> _Action item_
Print the data once more, exactly as given. Drop the pictures.

> _Data section_
= Beginning of Section =
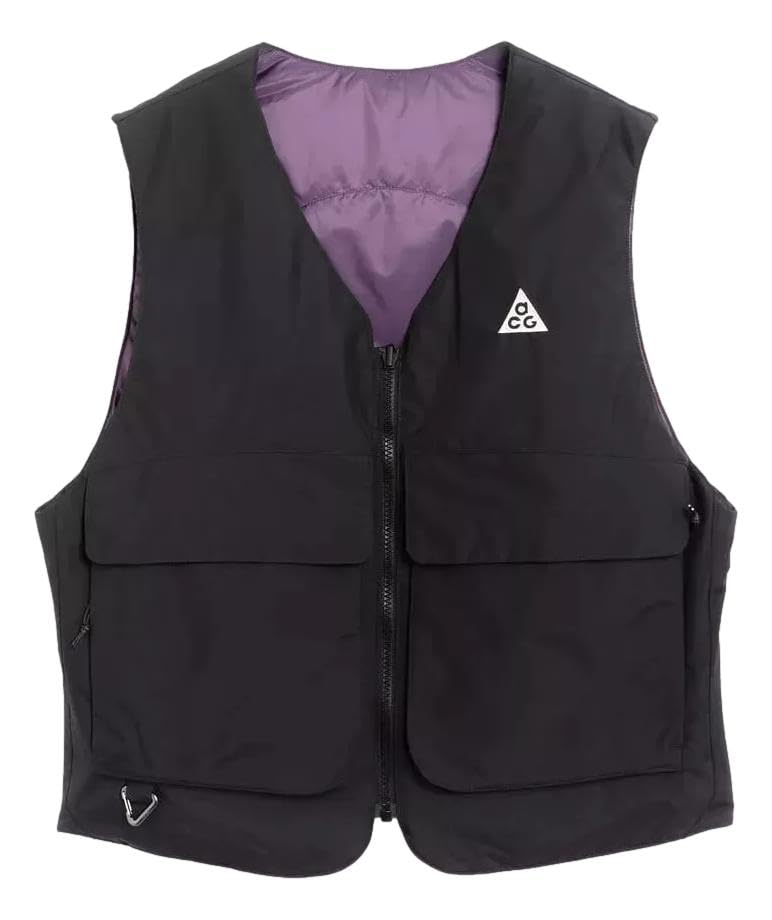 Nike ACG skull peak ベスト 黒 紫　リバーシブル Nike ACG 'Skull Peak' PrimaLoft Reversible Vest (US, Alpha, Large
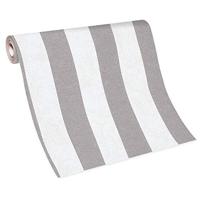 Dutch Wallcoverings Behang Carat Deluxe Streep Wit/Zilver 10077-14 - thumbnail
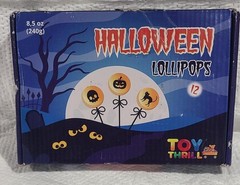 ToyThrill Halloween Lollipops Assorted Halloween Candy Lollipops Halloween 8/24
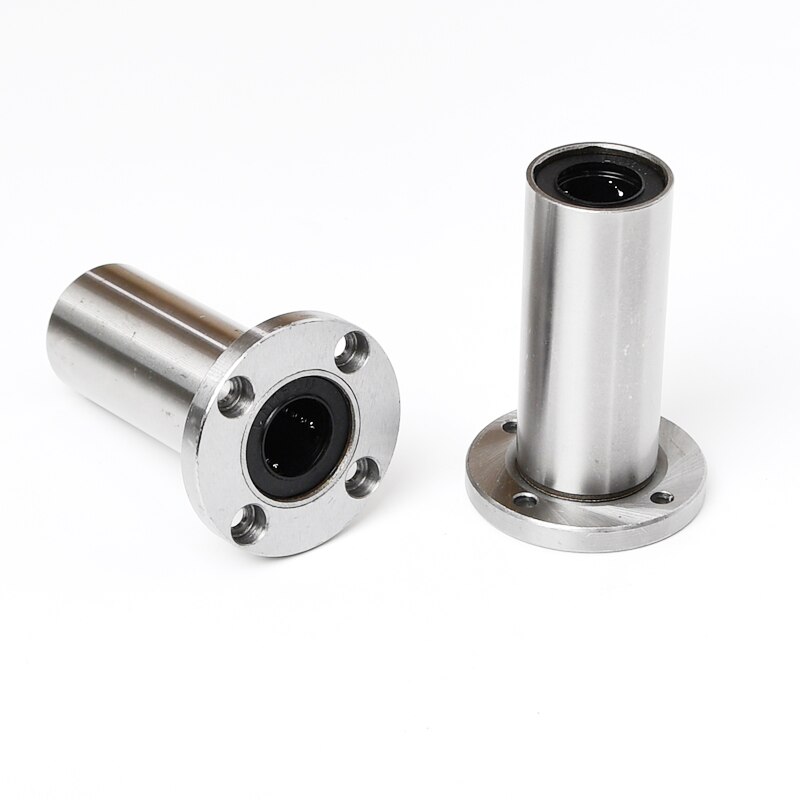 1pc lmf 8uu lmf 10uu lmf 6uu lm12uu lm8 luu lmf 12 luu  lm16uu 8mm flange lineært kugleleje til 8mm lineære aksel cnc dele
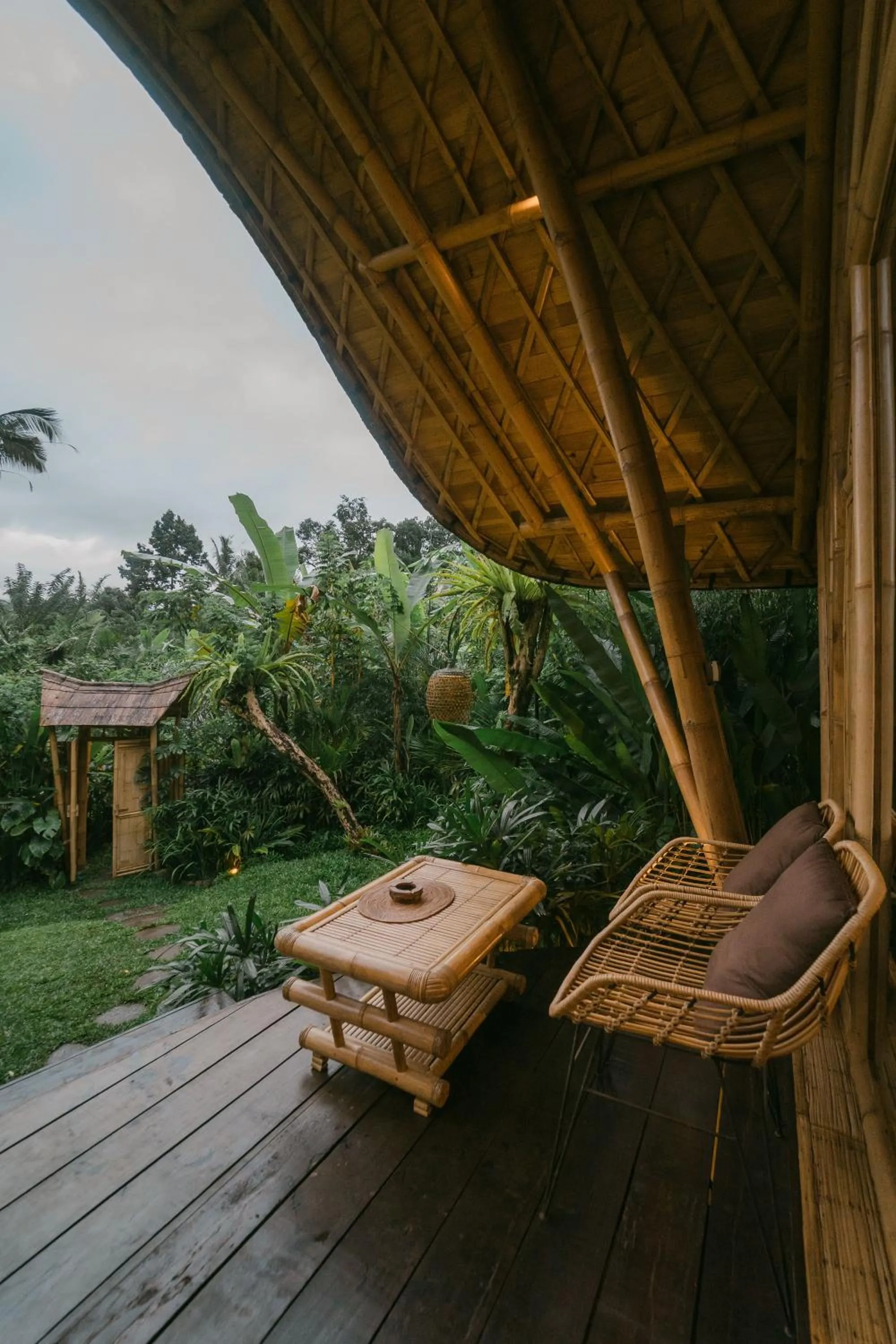 Patio in Arcada Bali Bamboo House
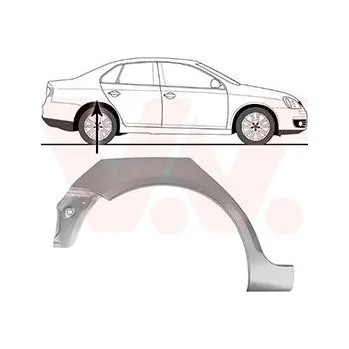 Příslušenství karosérie Boční stěna VAN WEZEL 5886148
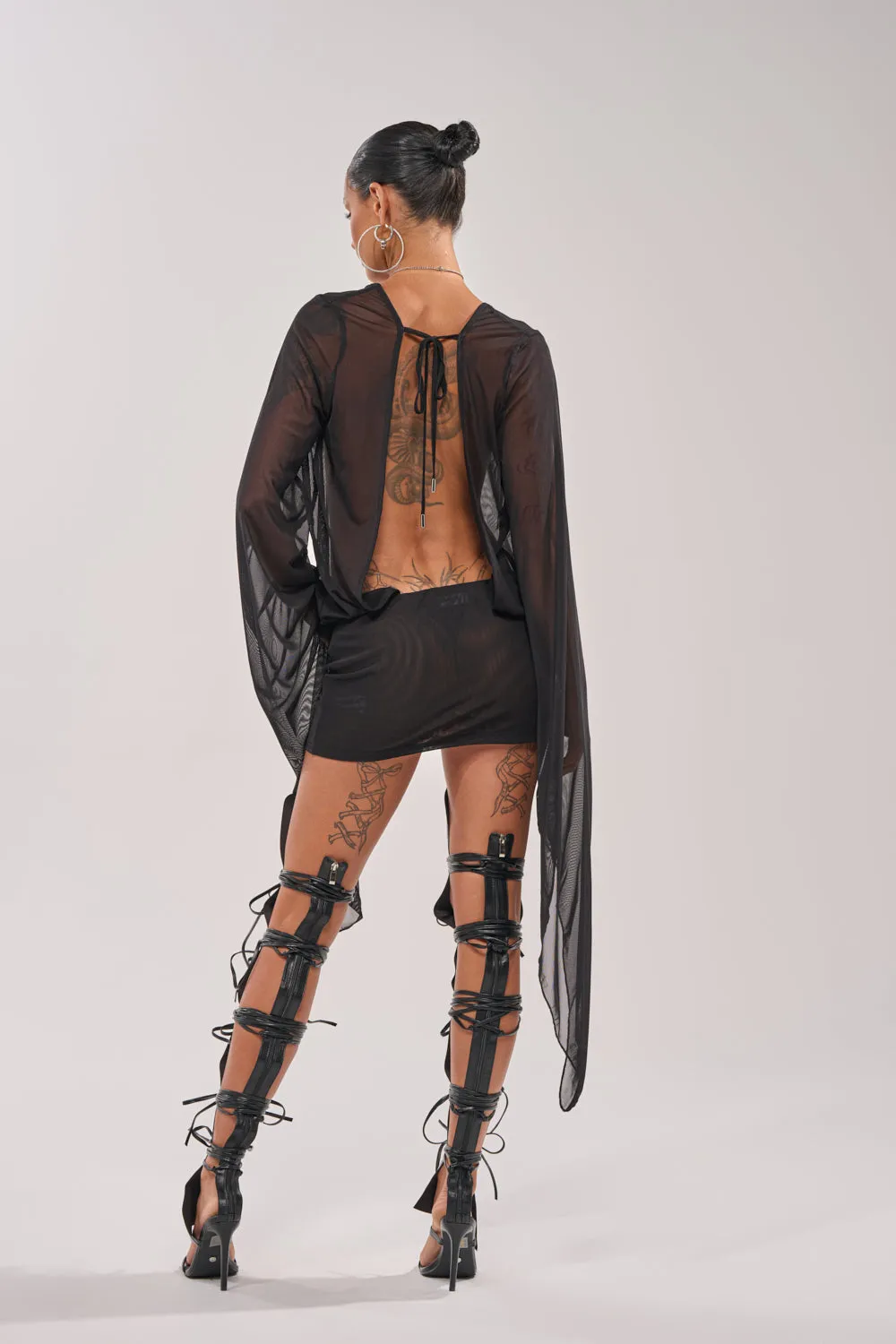 SHEER AFFECTION MESH MINI DRESS sold by AKIRA product image thumbnail 4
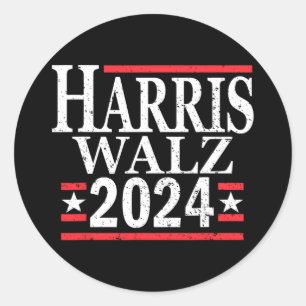 Sticker Rond Kamala Harris Tim Walz 2024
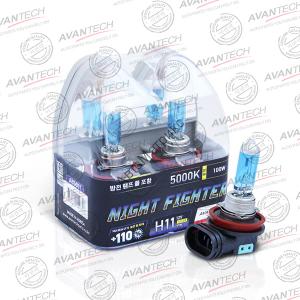 Лампа высокотемпературная Avantech NIGHT FIGHTER H11 12V 55W (100W) 5000K пластик. упаковка - 2 шт Лампа высокотемпературная Avantech NIGHT FIGHTER, комплект 2 шт. Цоколь: H11 Напряжение: 12V Мощность: 55W, светит: 100W Цветовая температура: 3000K Сделано в Корее

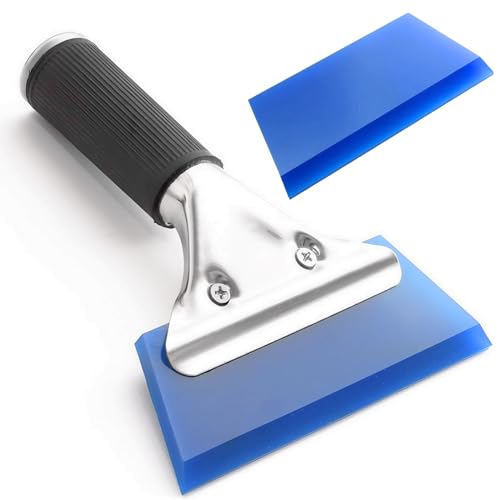 DIZLAS 自動車 カーフィルム ウィンドウフィルム ヘラ スキージー 施工ツール 水抜き 替えブレード付き セット (ブルー)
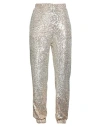 C-clique Pinko  Woman Pants Platinum Size S Polyester, Elastane In Grey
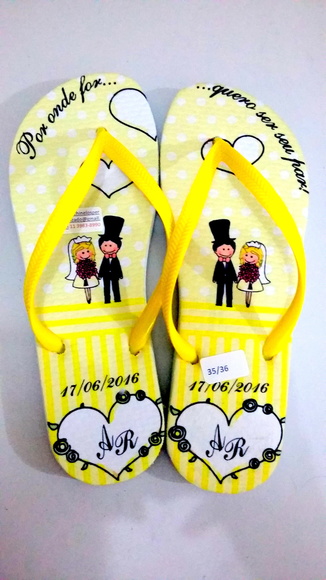 Chinelos personalizados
= End of Section =
> _Answer space_
 Nike ACG skull peak ベスト 黒 紫　リバーシブル Nike ACG 'Skull Peak' PrimaLoft Reversible Vest (US, Alpha, Large
 Dutch Wallcoverings Behang Carat Deluxe Streep Wit/Zilver 10077-14 - thumbnail
 ToyThrill Halloween Lollipops Assorted Halloween Candy Lollipops Halloween 8/24
 1pc lmf 8uu lmf 10uu lmf 6uu lm12uu lm8 luu lmf 12 luu  lm16uu 8mm flange lineært kugleleje til 8mm lineære aksel cnc dele
 Patio in Arcada Bali Bamboo House
 Příslušenství karosérie Boční stěna VAN WEZEL 5886148
 SHEER AFFECTION MESH MINI DRESS sold by AKIRA product image thumbnail 4
 Sticker Rond Kamala Harris Tim Walz 2024
 Лампа высокотемпературная Avantech NIGHT FIGHTER H11 12V 55W (100W) 5000K пластик. упаковка - 2 шт Лампа высокотемпературная Avantech NIGHT FIGHTER, комплект 2 шт. Цоколь: H11 Напряжение: 12V Мощность: 55W, светит: 100W Цветовая температура: 3000K Сделано в Корее

 DIZLAS 自動車 カーフィルム ウィンドウフィルム ヘラ スキージー 施工ツール 水抜き 替えブレード付き セット (ブルー)
 C-clique Pinko  Woman Pants Platinum Size S Polyester, Elastane In Grey
 Chinelos personalizados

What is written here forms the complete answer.